**Raw data**:
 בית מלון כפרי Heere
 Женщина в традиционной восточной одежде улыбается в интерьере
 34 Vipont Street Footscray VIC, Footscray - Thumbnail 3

**Your assignment**: Would you return exactly, and only, the lines beginning at the one with "Женщина в традиционной" and ending at the last line of the listing?

**Solved problem**:
 Женщина в традиционной восточной одежде улыбается в интерьере
 34 Vipont Street Footscray VIC, Footscray - Thumbnail 3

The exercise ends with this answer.